_What you should do_. Omit all pictures. Copy exactly the lines from the line containing "Save changes is" to the end of the listing, with both ends included.

##### Given data

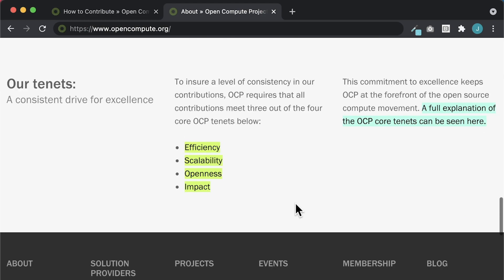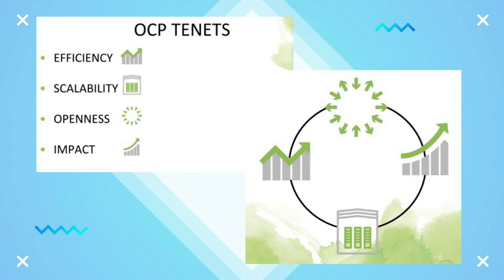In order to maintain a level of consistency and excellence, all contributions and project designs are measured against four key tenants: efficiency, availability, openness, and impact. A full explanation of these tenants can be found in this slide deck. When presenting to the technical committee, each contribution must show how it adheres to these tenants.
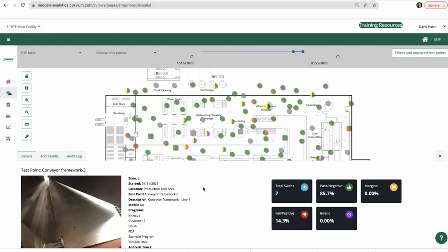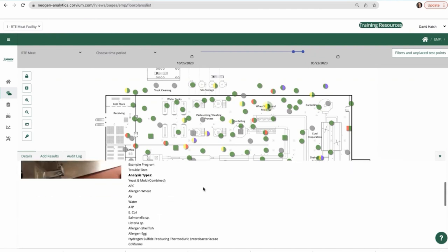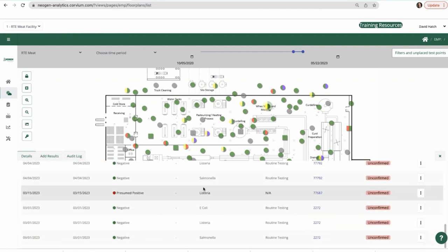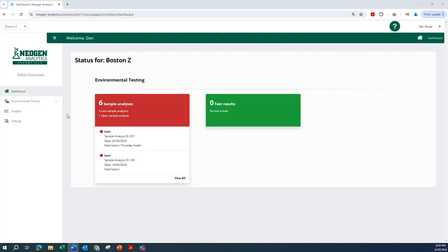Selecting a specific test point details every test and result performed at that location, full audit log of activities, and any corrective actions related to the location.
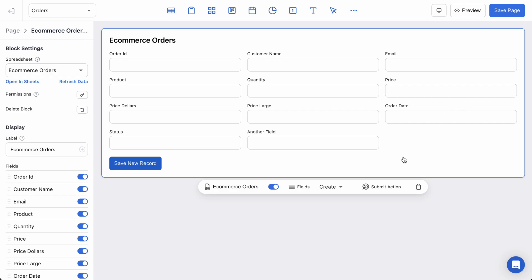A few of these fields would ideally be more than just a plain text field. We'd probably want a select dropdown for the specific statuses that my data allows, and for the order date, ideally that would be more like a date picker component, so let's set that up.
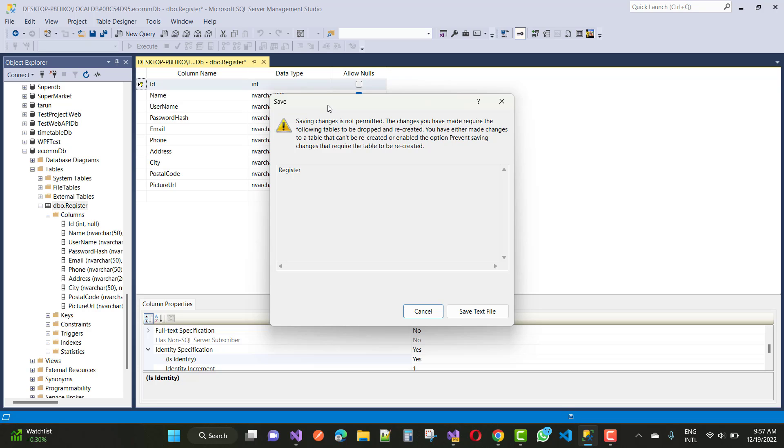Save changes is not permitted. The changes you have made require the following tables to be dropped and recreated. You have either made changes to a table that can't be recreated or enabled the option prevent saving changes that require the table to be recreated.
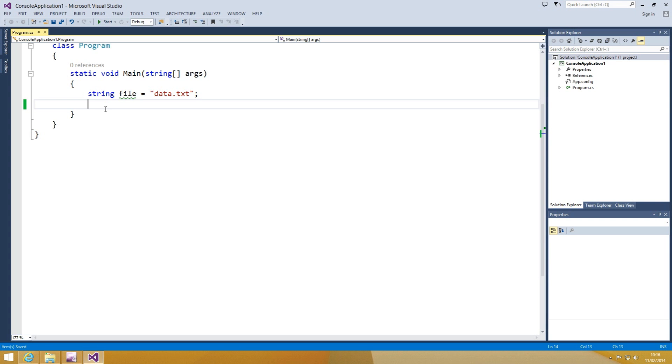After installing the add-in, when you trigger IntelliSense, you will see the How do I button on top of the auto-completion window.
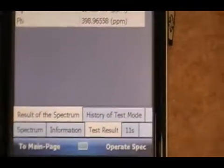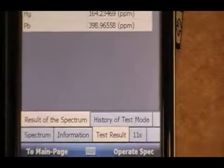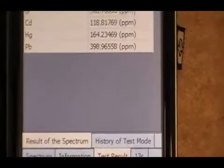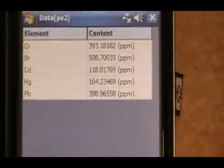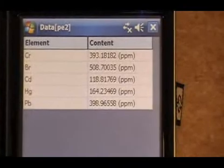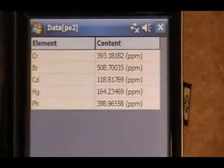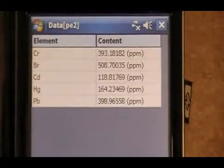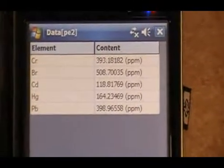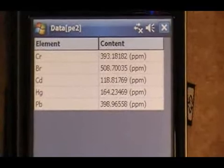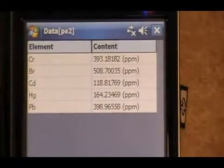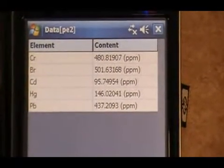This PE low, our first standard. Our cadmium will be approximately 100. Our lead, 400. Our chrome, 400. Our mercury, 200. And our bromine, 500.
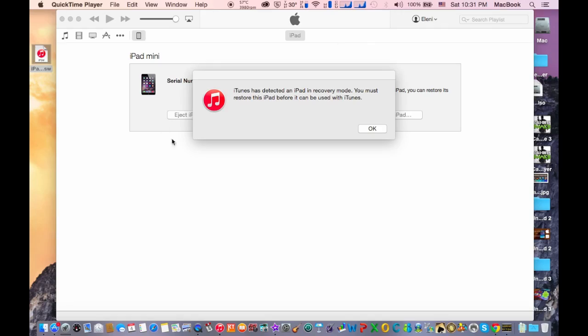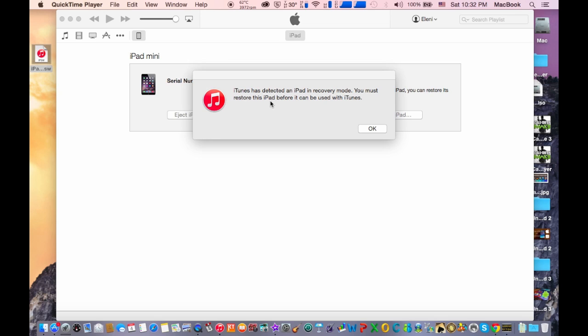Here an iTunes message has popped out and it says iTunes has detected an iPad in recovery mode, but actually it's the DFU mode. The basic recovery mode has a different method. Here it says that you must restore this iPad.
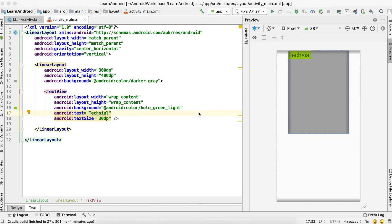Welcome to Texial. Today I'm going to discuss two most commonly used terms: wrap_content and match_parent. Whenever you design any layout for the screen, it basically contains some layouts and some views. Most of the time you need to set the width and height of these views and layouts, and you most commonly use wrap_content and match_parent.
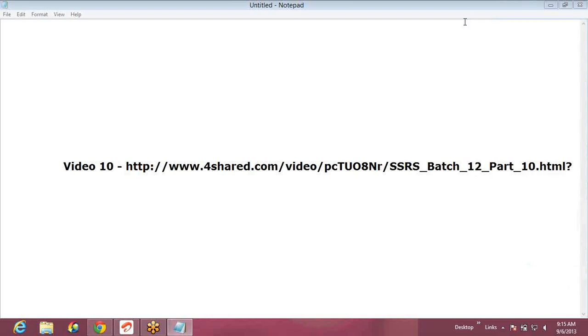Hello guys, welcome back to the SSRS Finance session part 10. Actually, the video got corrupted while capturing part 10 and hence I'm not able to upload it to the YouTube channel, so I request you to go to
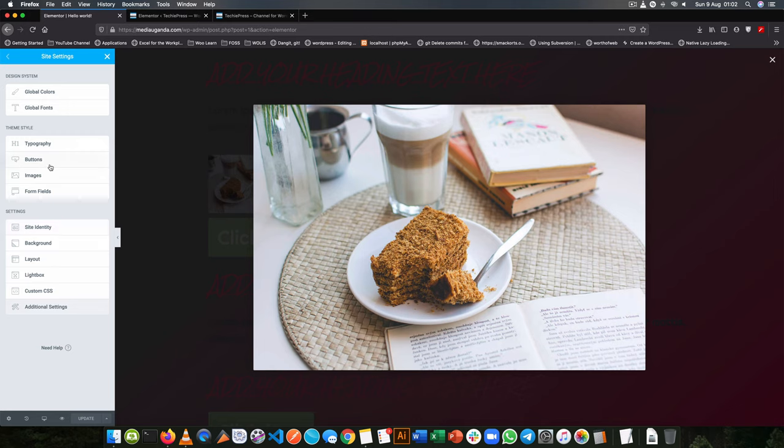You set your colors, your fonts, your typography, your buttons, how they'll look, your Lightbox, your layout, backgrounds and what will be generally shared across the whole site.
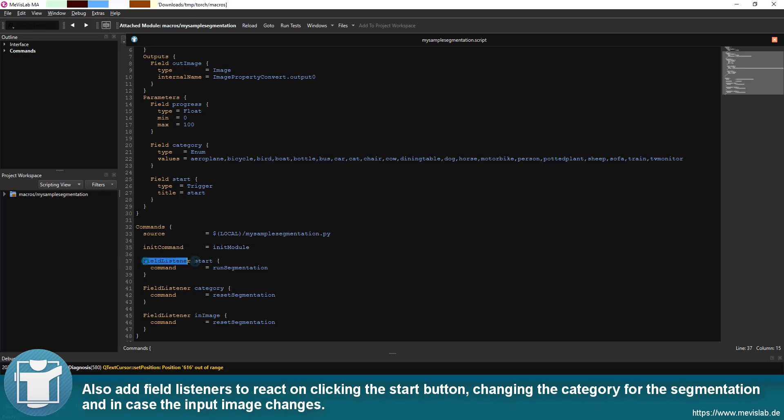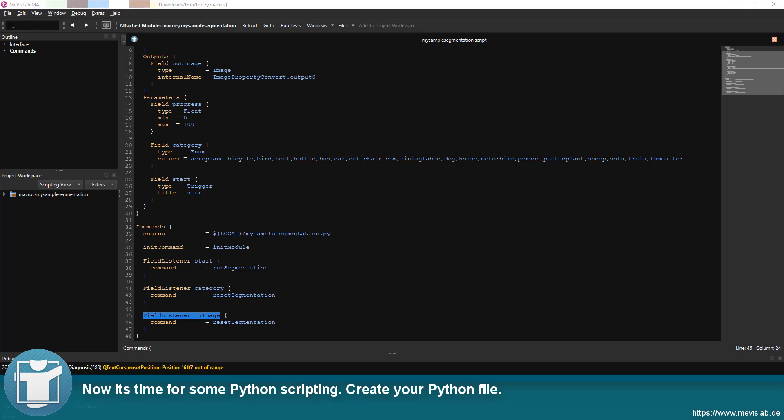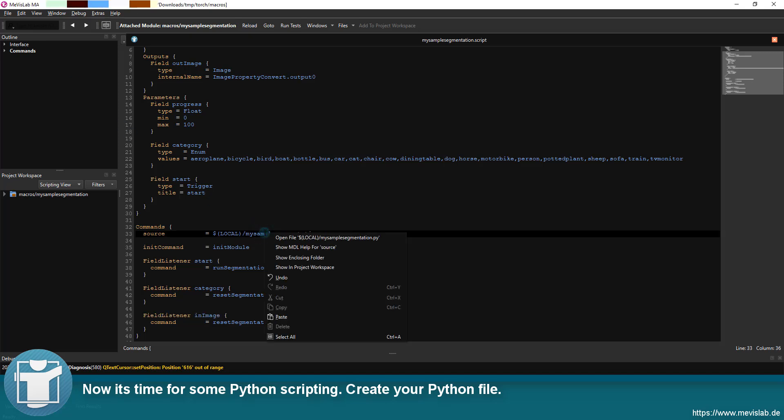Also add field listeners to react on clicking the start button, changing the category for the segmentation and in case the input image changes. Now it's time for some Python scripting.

##########

_Answer to this task_.
Save changes is not permitted. The changes you have made require the following tables to be dropped and recreated. You have either made changes to a table that can't be recreated or enabled the option prevent saving changes that require the table to be recreated.
After installing the add-in, when you trigger IntelliSense, you will see the How do I button on top of the auto-completion window.
This PE low, our first standard. Our cadmium will be approximately 100. Our lead, 400. Our chrome, 400. Our mercury, 200. And our bromine, 500.
Here an iTunes message has popped out and it says iTunes has detected an iPad in recovery mode, but actually it's the DFU mode. The basic recovery mode has a different method. Here it says that you must restore this iPad.
Welcome to Texial. Today I'm going to discuss two most commonly used terms: wrap_content and match_parent. Whenever you design any layout for the screen, it basically contains some layouts and some views. Most of the time you need to set the width and height of these views and layouts, and you most commonly use wrap_content and match_parent.
Hello guys, welcome back to the SSRS Finance session part 10. Actually, the video got corrupted while capturing part 10 and hence I'm not able to upload it to the YouTube channel, so I request you to go to
You set your colors, your fonts, your typography, your buttons, how they'll look, your Lightbox, your layout, backgrounds and what will be generally shared across the whole site.
Also add field listeners to react on clicking the start button, changing the category for the segmentation and in case the input image changes. Now it's time for some Python scripting.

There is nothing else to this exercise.